## Your instructions
Beginning with the line that holds "Charing Cross Road, Londres, Royaume-Uni, 22" and ending with the last line below, please copy every line exactly, add nothing, and leave out the pictures.

(Records supplied Opens)

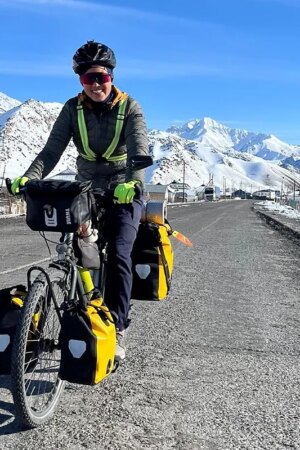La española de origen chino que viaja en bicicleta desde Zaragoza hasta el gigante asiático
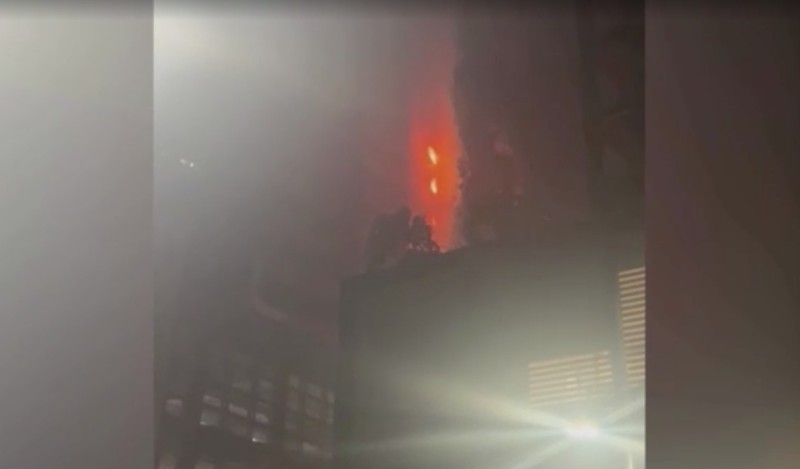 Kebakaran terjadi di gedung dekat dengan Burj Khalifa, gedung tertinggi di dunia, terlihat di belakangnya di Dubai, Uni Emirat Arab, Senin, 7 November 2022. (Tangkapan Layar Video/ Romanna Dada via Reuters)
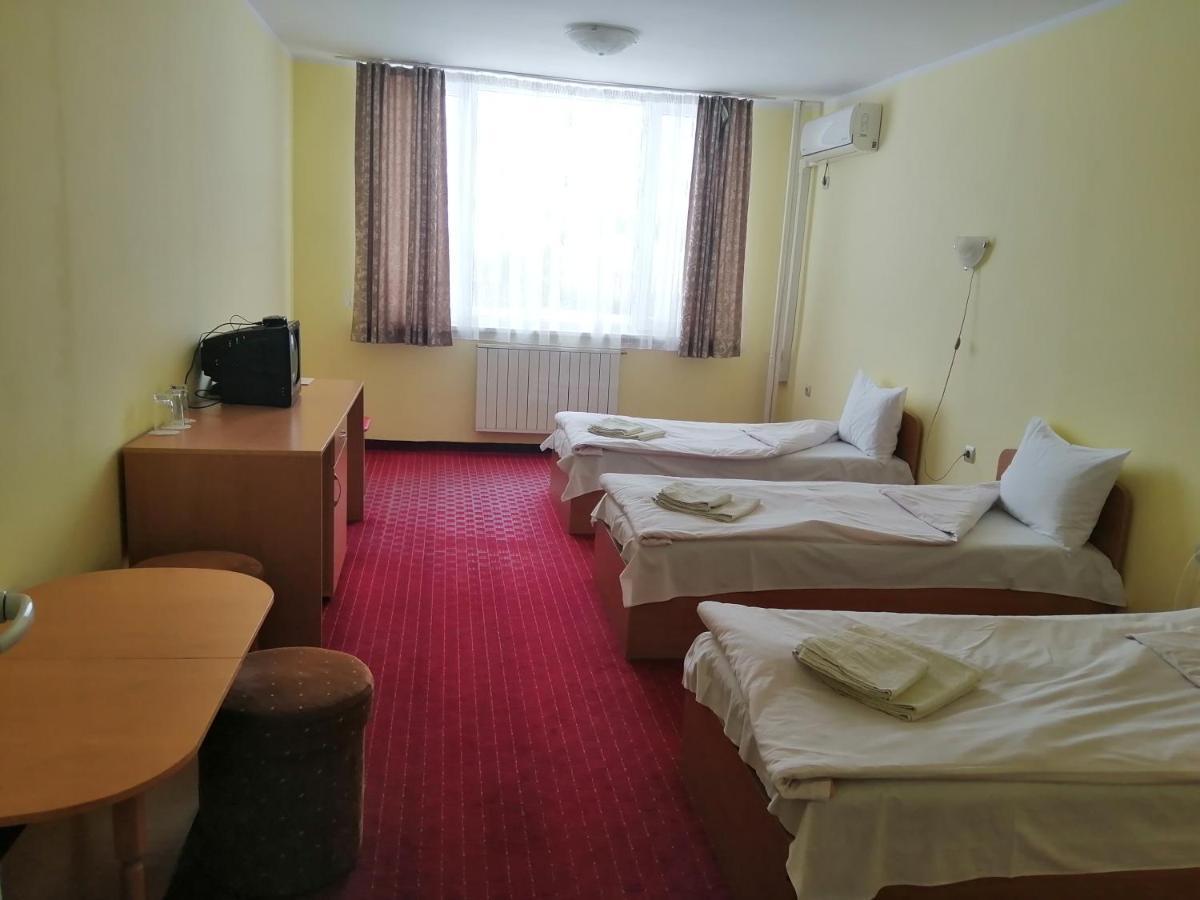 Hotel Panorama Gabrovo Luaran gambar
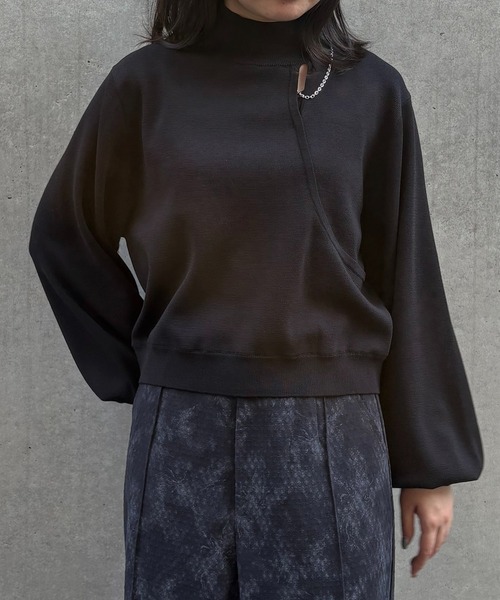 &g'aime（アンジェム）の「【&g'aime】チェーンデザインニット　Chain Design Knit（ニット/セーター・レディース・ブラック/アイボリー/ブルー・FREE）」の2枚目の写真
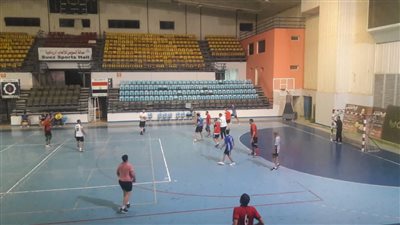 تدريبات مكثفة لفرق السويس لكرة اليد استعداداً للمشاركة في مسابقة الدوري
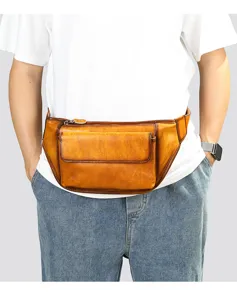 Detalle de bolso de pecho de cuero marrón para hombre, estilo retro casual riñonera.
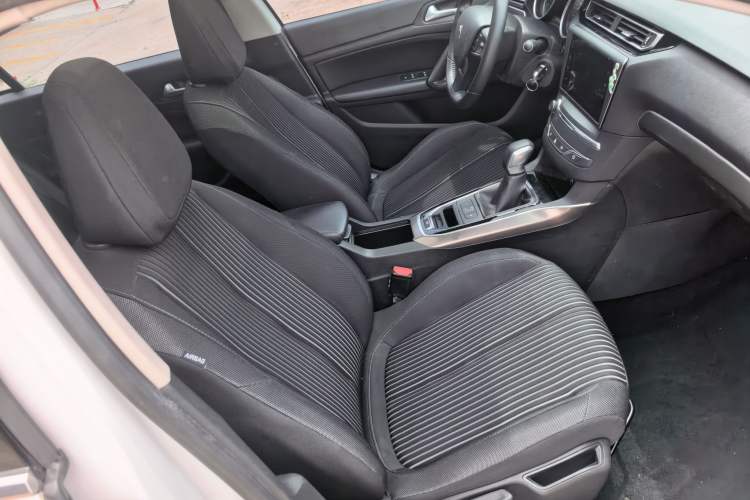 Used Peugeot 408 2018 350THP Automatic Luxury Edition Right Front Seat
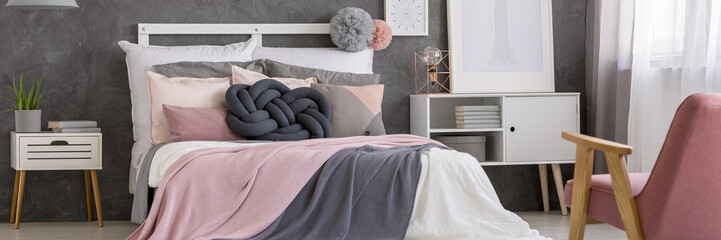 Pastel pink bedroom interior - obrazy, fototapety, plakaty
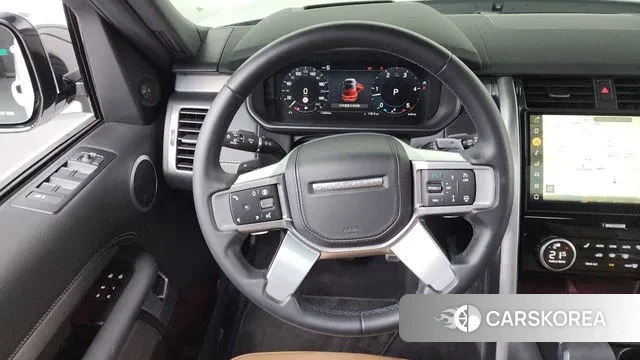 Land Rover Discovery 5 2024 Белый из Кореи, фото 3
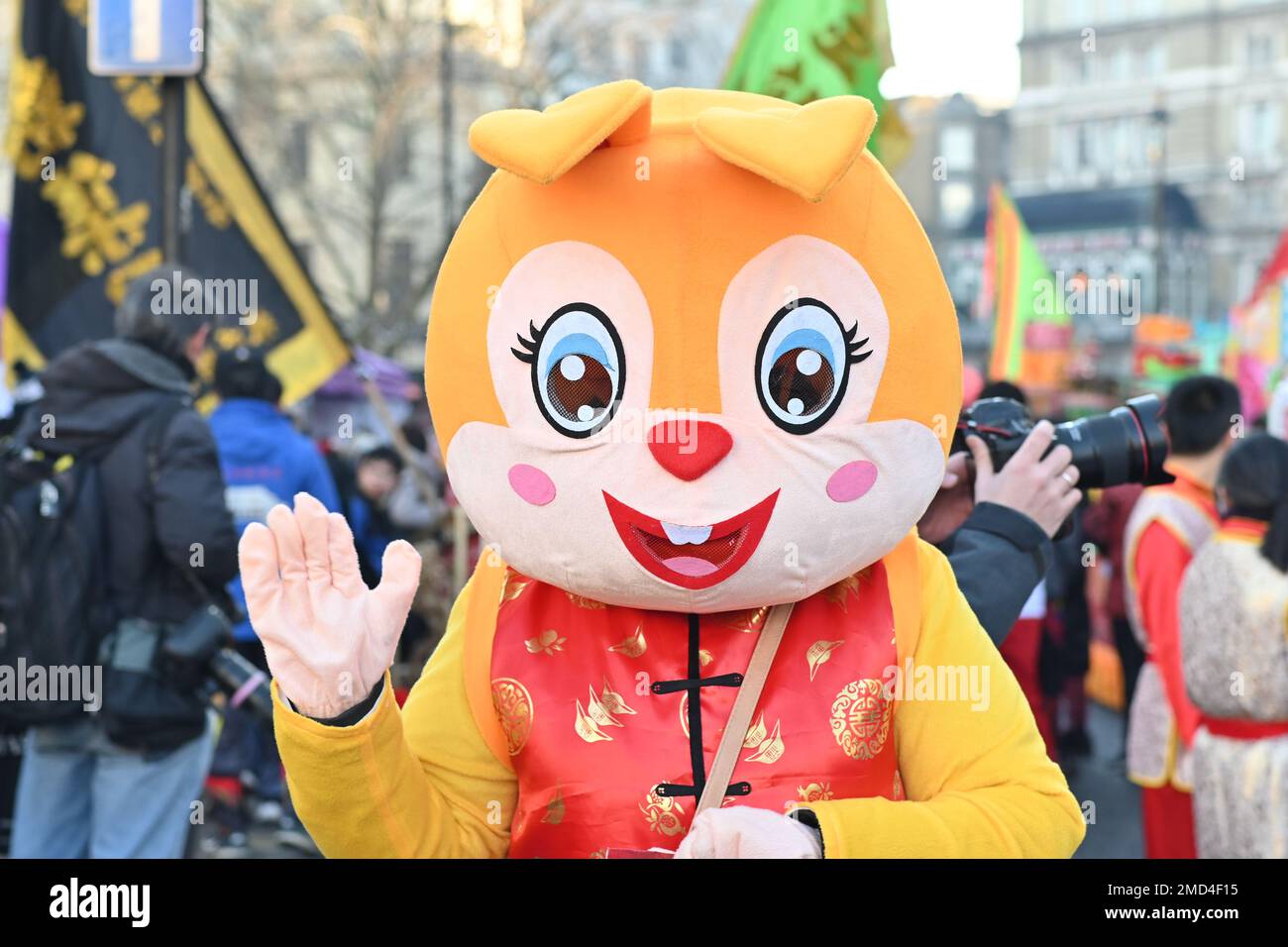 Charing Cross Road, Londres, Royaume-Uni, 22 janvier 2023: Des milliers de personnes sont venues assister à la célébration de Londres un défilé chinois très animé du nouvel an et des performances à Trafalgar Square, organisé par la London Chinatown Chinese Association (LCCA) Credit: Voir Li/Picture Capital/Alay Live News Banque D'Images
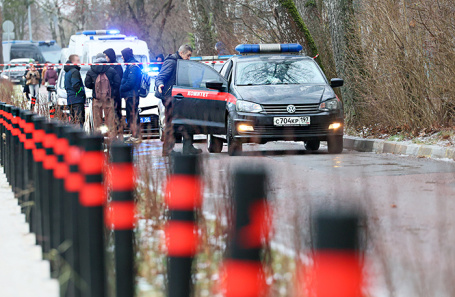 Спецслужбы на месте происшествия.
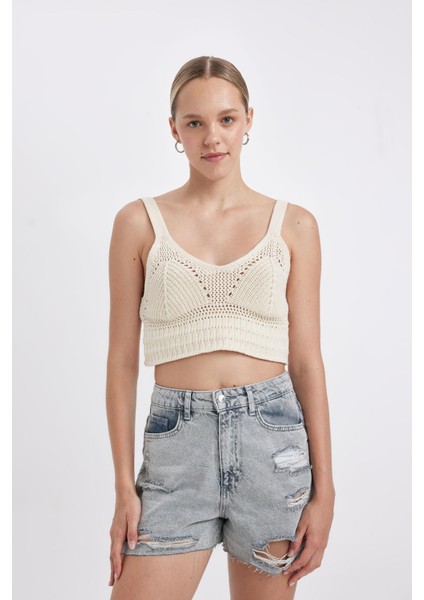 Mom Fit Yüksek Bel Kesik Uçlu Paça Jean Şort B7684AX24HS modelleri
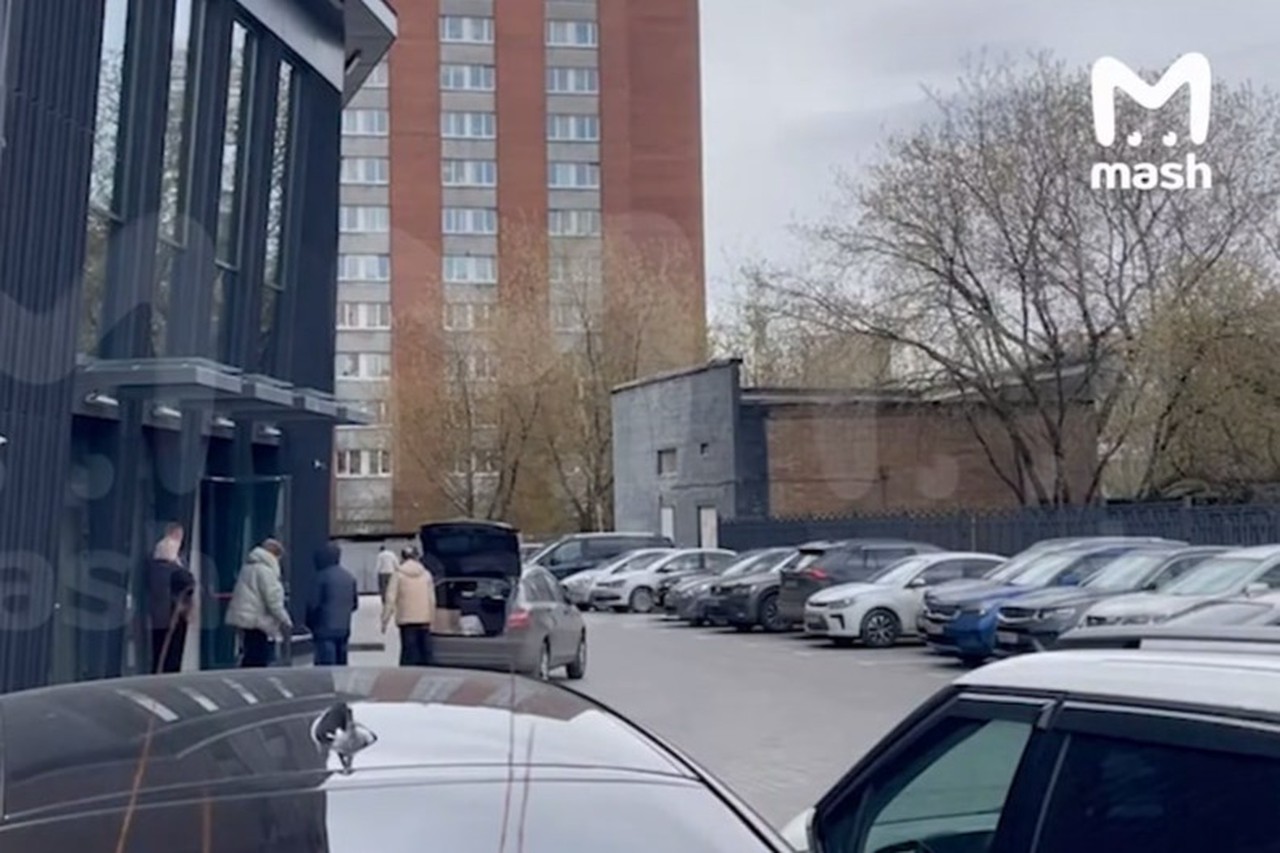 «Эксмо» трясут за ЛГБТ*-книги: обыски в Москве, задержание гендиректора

(Records supplied Closes)

## Solution to this exercise
 Charing Cross Road, Londres, Royaume-Uni, 22 janvier 2023: Des milliers de personnes sont venues assister à la célébration de Londres un défilé chinois très animé du nouvel an et des performances à Trafalgar Square, organisé par la London Chinatown Chinese Association (LCCA) Credit: Voir Li/Picture Capital/Alay Live News Banque D'Images
 Спецслужбы на месте происшествия.
 Mom Fit Yüksek Bel Kesik Uçlu Paça Jean Şort B7684AX24HS modelleri
 «Эксмо» трясут за ЛГБТ*-книги: обыски в Москве, задержание гендиректора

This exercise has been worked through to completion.